What is Anaphylaxis ?
Anaphylaxis is the term veterinarian use to describe an extremely severe allergic reaction. The state of anaphylaxis is caused by IgE antibodies binding to the antigen, causing the release of cytotoxic granules from basophils and mast cells. Serotonin and histamine are then released, causing clinical signs of respiratory, gastrointestinal and cardiovascular distress in a short period of time.
Anaphylaxis in cats is a life-threatening, immediate allergic reaction to anything injected or consumed. This severe type of allergic response can be caused by foods, medications, vaccines, and insect bites or stings. If your cat is suffering from anaphylaxis, he or she could develop symptoms of facial swelling, rapid heart rate, weak pulse, difficulty breathing, vomiting, and/or diarrhea. The clinical signs of anaphylaxis can appear in a matter of minutes after the allergen enters the body, leading to worsened symptoms of cold extremities, pale mucus membranes, shock, seizure, coma, and even death. There is no way to know if your cat will experience anaphylaxis when exposed to an otherwise harmless agent, but felines that have other known allergies are at a potential risk. Anaphylaxis in cats is always an extreme emergency situation that can result in rapid death, therefore seeking veterinary care is a must.
Symptoms of Anaphylaxis in Cats
Symptoms of Anaphylaxis can occur in a matter of minutes or take as long as an hour to appear in cats. The feline’s lungs are the first organ to be affected in most anaphylaxis cases, causing airway obstruction and difficulty breathing. This upper respiratory effect is usually accompanied by hypoxemia, hypotensive shock, and gastrointestinal signs such as defecation and vomiting.
Common symptoms a cat owner is likely to note in a cat experiencing anaphylaxis include:
- Decreased body temperature
- Cold extremities
- Pale gums
- Facial swelling
- Difficulties breathing
Causes of Anaphylaxis in Cats
Anaphylaxis in cats is caused by an extreme overreaction of the body’s immune system to an allergen. At some point in the feline’s life, she came into contact with the allergen element and it was at this point in time that the immune system perceived this harmless substance as a threat. The immune system created IgE, or antibodies, to bind to the antigen (harmful invader) and destroy them the next time the substance entered the cat’s body. The next time the feline is vaccinated, stung, or consumes that food product, the antibodies trigger basophil and mast cell receptors (types of white blood cells). The immunity cells respond by releasing cytotoxic granules that contain serotonin and histamine, creating the response we see as an allergic reaction.

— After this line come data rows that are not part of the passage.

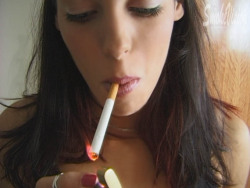 maturesmoke:  #Maturesmoke💋 #SmokingFetish 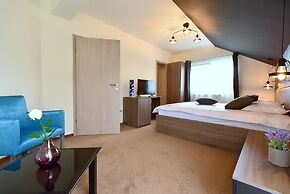 Green Wood Residence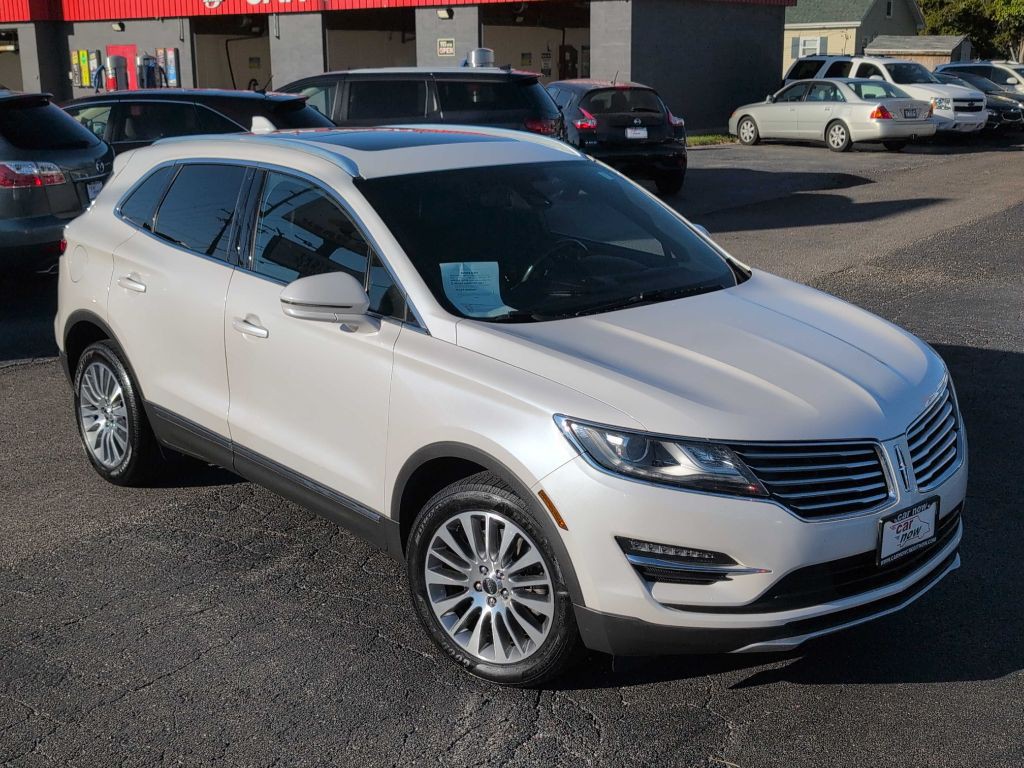 2017 Lincoln MKC Image 1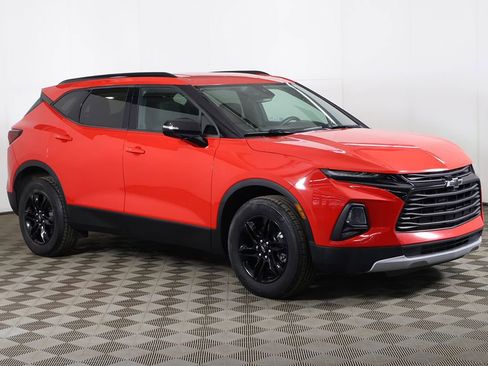 Used 2021 Chevrolet Blazer LT AWD/4WD image 2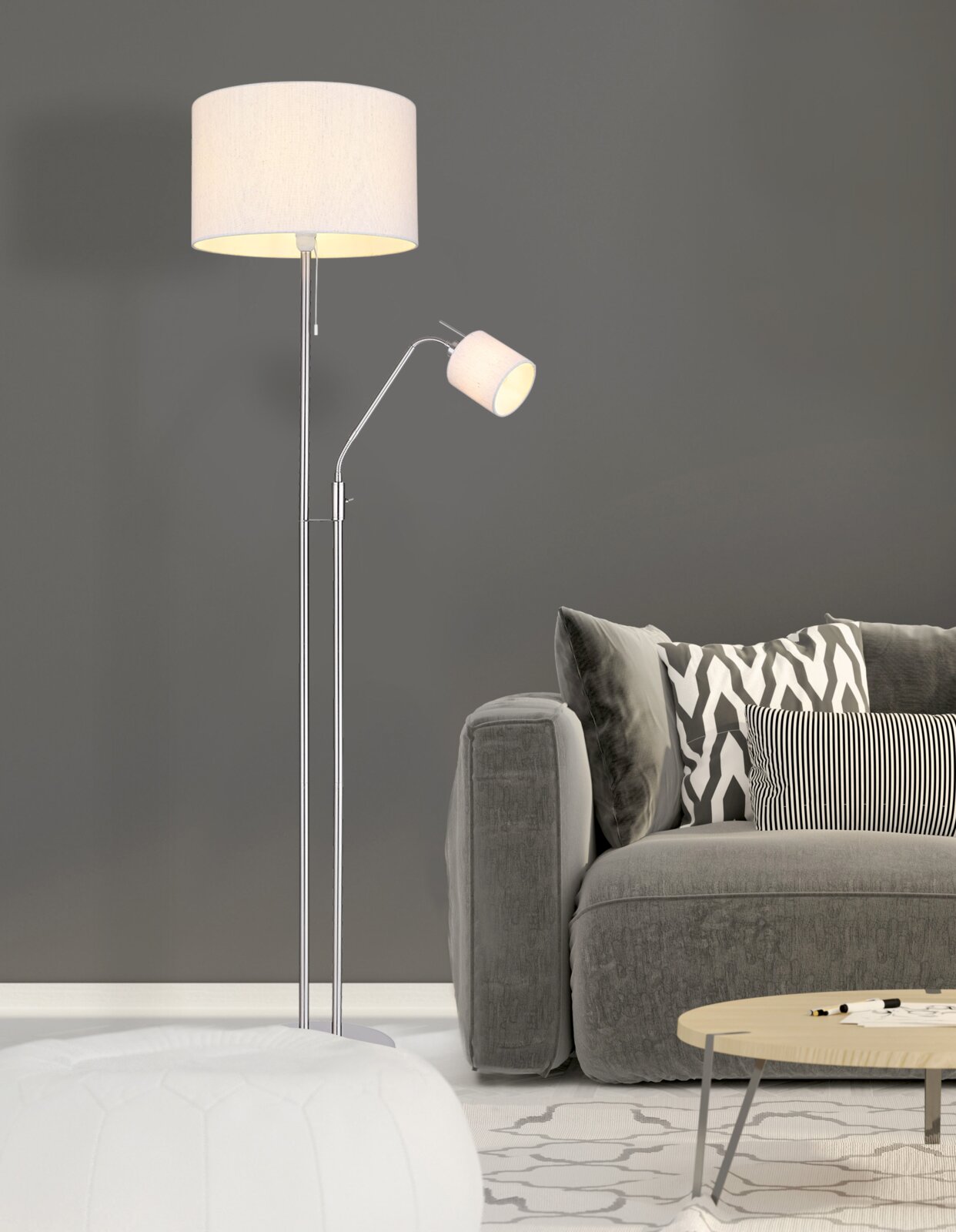 Globo Lighting Stehleuchte AVA Moderne Stehlampe mit weißem Stoffschirm und verstellbarem Lesearm auf Chromgestell neben grauem Sofa im Wohnzimmer, perspektivisch in frontaler Seitenansicht.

Diagnosis of Anaphylaxis in Cats
The symptoms a feline is displaying as she has been presented to the clinic will give the veterinarian a direct diagnosis of anaphylaxis. The cat will be admitted to emergency life support care immediately. Once the cat is stabilized, the doctor will then proceed to conduct diagnostic tests to determine the cause of the severe allergy, if it is not already known. Finding the source of a severe allergy will require a review of your cat’s medical history and paying close attention to the medications she is currently on and any vaccinations she has recently received. It is at this time that you should report any changes in your cat’s diet, including any treats or table scraps given in the last 24 hours.
To diagnose a contact allergy, veterinarians can use intradermal skin testing or serologic testing for the allergen. However, is anaphylaxis cases, routine allergy testing proves inefficient compared to clinical findings.
Treatment of Anaphylaxis in Cats
Anaphylaxis in cats is an immediate emergency situation and is treated promptly with life supportive intravenous fluids in combination with oxygen. Epinephrine is a common drug used in feline anaphylaxis situations to increase blood pressure and open the feline’s airways. Depending on your cat’s condition, the veterinarian may also choose to use a bronchodilator inhalant, antihistamine drugs, and glucocorticoids to attend to the symptoms of an allergic reaction. Your cat will require monitoring for the next couple days in the hospital and will be released once she is stable.
Recovery of Anaphylaxis in Cats
The prognosis for anaphylaxis in cats varies, based on when the reaction was noted by the owner, how prompt treatment was received and how severe the feline allergic reaction was. For cats that received immediate emergency care before the anaphylaxis reaction caused the feline to go into shock or coma, the prognosis is relatively positive. There is no way of knowing or preventing anaphylaxis in your cat, but if the feline has a history of allergies, pet owners can take precautions. Talk to your veterinarian about your cat’s allergies and what other cat owners in the same situation have done to prevent anaphylaxis from reoccurring.